DroneShield Shares Jump After FY2025 Results, Fueling Military FPV Investment
DroneShield’s FY2025 results show A$216.5m revenue (+276%) and A$210m cash, sparking a share surge and backing A$104m in secured FY2026 orders that could funnel military FPV tech into racing pits.

Pilots adjusting goggles this season may feel the trickle of military‑grade FPV hardware into race pits after DroneShield reported FY2025 revenue of A$216.5 million, a year‑on‑year jump of about 276%, and a strengthened balance sheet holding A$210 million in cash and term deposits. The company reported underlying profit before tax of A$33.3 million and three consecutive quarters of positive operating cashflow as at 31 December 2025, facts that underpinned a fresh wave of investor buying.
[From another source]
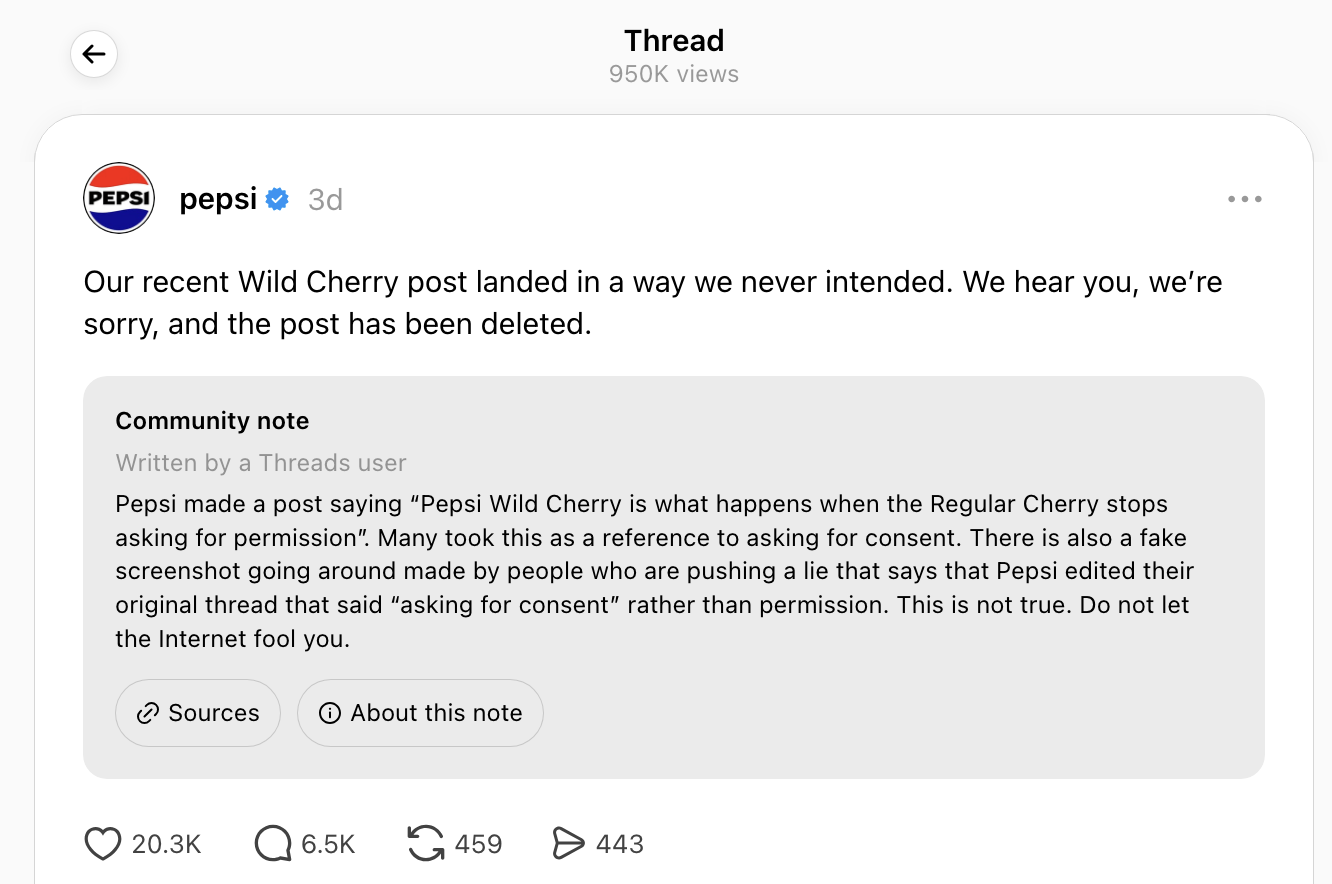 Pepsi Apology Post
Markets reacted as the results landed: DroneShield shares have climbed more than 286% year‑on‑year, and intraday snapshots have varied from A$3.01–A$3.09 in late February trading to a capture showing A$4.07 (+10%) on 6 March 2026. The FY2025 disclosure also highlighted SaaS growth — “SaaS revenue was a particular bright spot, climbing 312% to $11.6 million as DroneShield advances its strategic ambition to have software‑as‑a‑service account for 30% of total revenue within five years” — a push that ties software and data back into fast‑moving FPV systems.
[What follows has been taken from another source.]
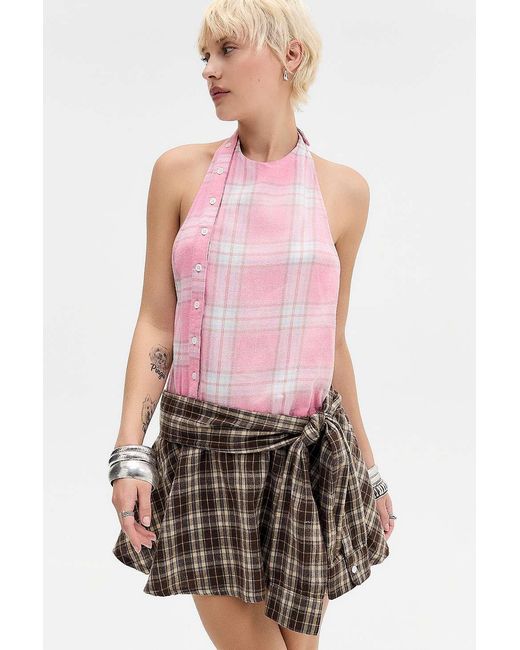 Jaded London Pink Romie Backless Check Mini Dress Uk 8 At Urban Outfitters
Management moved quickly to translate the numbers into forward orders and capacity. Company commentary put FY2026 secured revenue at A$104 million, with A$22 million recognised to date, and secured SaaS at A$22 million with A$2 million recognised so far. At the same time DroneShield laid out an aggressive production scale‑up from a 2025 run rate of A$500 million per year to a target of A$2.4 billion per year by the end of 2026 via new facilities in Australia, the United States and Europe, while analysts point to an enlarged A$2.3 billion sales pipeline that would need conversion to sustain that capacity.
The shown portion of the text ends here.